Difficulty fitting ideal point model to Wikipedia clickstream data

I’m trying to adapt this Bayesian ideal point model, which estimates ideological positions of Twitter handles on a latent political partisan axis based on the overlap between followers, to Wikipedia clickstream data, a monthly dataset published by the Wikimedia Foundation consisting of the exact number of clicks between pairs of linked articles.

I am modeling the clickstream flow between pairs of articles as Poisson distributed, with a rate parameter depending on the distance between the pairs of articles (indicated here by locations theta and phi on the latent axis. occurrences is a symmetric matrix of average monthly flow (regardless of direction) between a pair of articles.

I am following some of the guidelines in the original paper, such as seeding the model with ‘positive’ and ‘negative’ examples on the latent axis to induce identifiability, but the different chains of the model often return wildly differing estimates with unacceptable R-hat values.

The model is as follows:

page_indexer = np.array([(i, j) for i in range(self.occurrences.shape[1]) for j in range(self.occurrences.shape[0])])

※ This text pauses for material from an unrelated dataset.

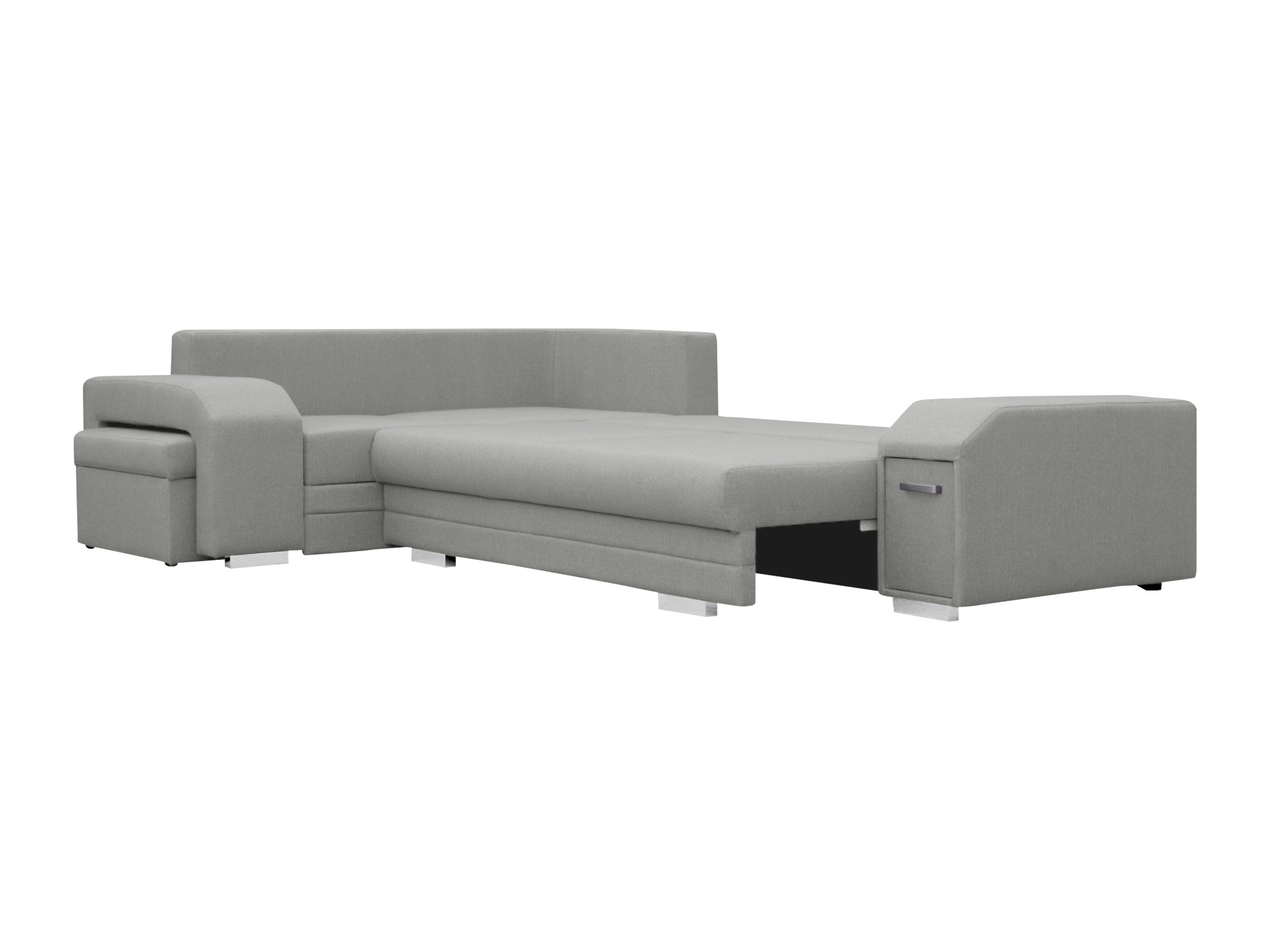Canapé d'angle Kingsport 116 (Nazar 225.02)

page_is, page_js, flow = [np.array(x) for x in zip(*[(ix[0],ix[1], val) for ix, val in 
zip(page_indexer, np.ravel(self.occurrences)) if val])]

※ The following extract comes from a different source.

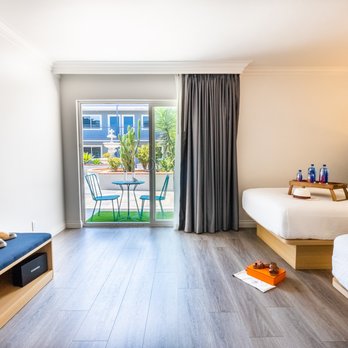 The Live Hotel - Hotels Near Me - Los Angeles, California The Live Hotel - Hotels Near Me - Los Angeles, California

BoundedNormal = pm.Bound(pm.Normal, lower=-4., upper=4.)
sd_a = pm.Normal('mu_a', mu=1., sd=3)
mu_b = pm.Normal('mu_b', mu=1., sd=1)
theta = BoundedNormal('theta', mu=0., sd=.1,shape=self.occurrences.T.shape[1])
phi = BoundedNormal('phi', mu=0., sd=.1  ,shape=self.occurrences.T.shape[0])
a = pm.Normal('a', mu=0, sd=sd_a, shape=self.occurrences.T.shape[0])
b = pm.Normal('b', mu=mu_b, sd=.1, shape=self.occurrences.T.shape[1])
lambda_hat = (a[page_is] + b[page_js] - pm.math.sqr(theta[page_js] - 
                                                T.switch(page_is==neg_pole, -4., T.switch(page_is==pos_pole, 4., phi[page_is]))))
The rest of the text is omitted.